Assigned task: Exactly the lines below starting at the line with "Mourinho thôi phét" and ending at the line with "Fremhævet ejendommen billede" are wanted, with both ends included. Leave out the pictures and add no other lines.

Provided records:
════════════════════
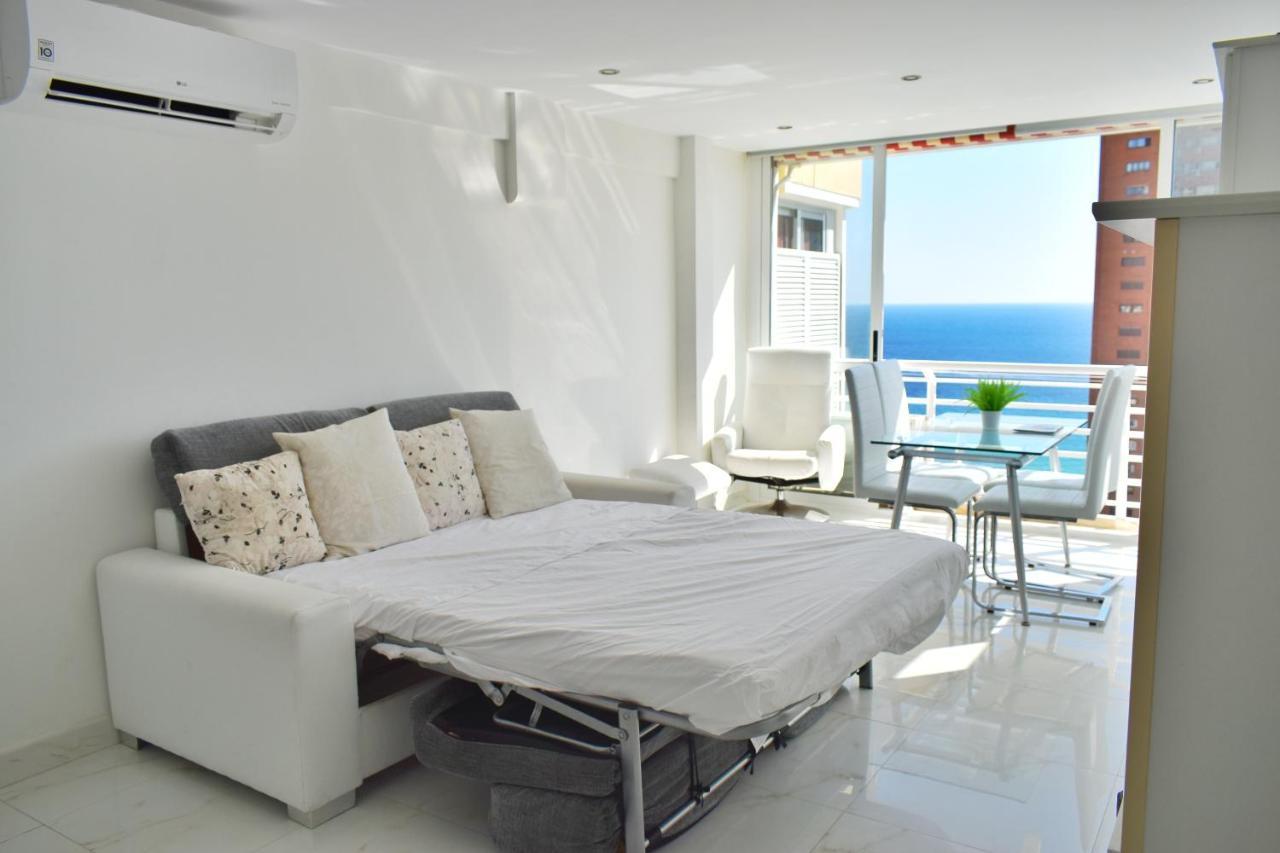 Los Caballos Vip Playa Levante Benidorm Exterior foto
════════════════════
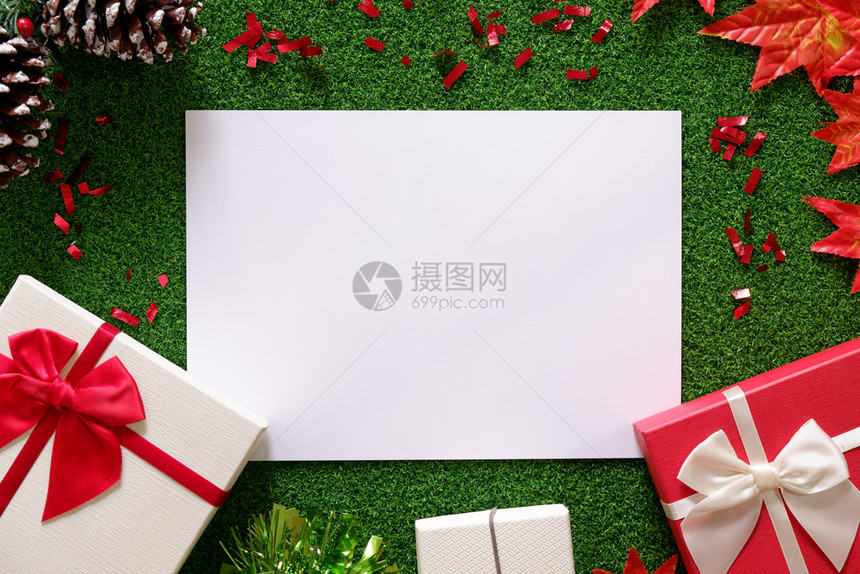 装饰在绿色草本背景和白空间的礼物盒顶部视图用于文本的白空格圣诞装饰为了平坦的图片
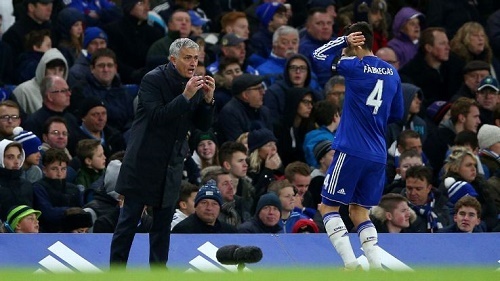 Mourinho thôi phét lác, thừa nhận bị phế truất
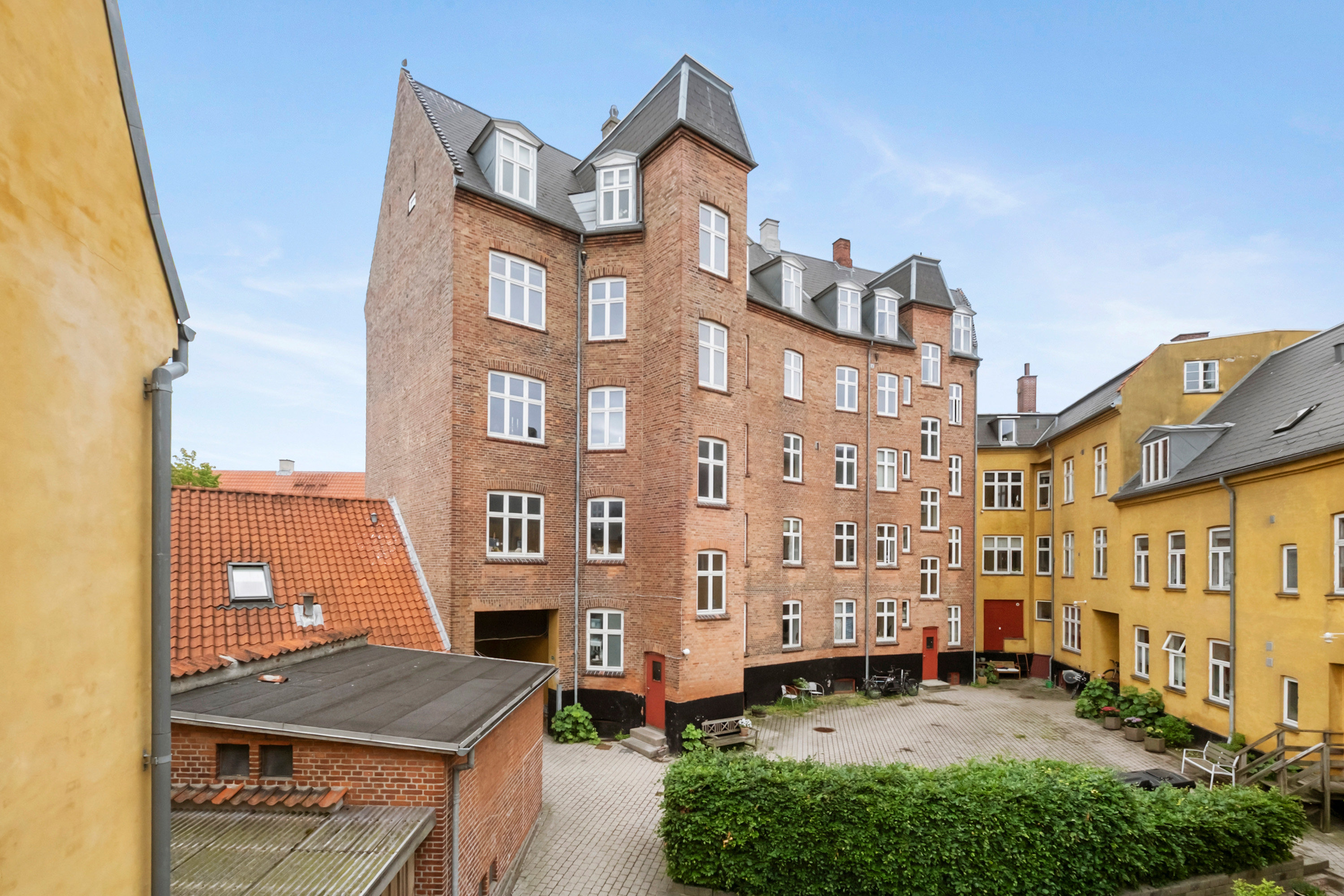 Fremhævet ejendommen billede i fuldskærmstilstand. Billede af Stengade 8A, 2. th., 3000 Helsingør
════════════════════
Exercise solution:
 Mourinho thôi phét lác, thừa nhận bị phế truất
 Fremhævet ejendommen billede i fuldskærmstilstand. Billede af Stengade 8A, 2. th., 3000 Helsingør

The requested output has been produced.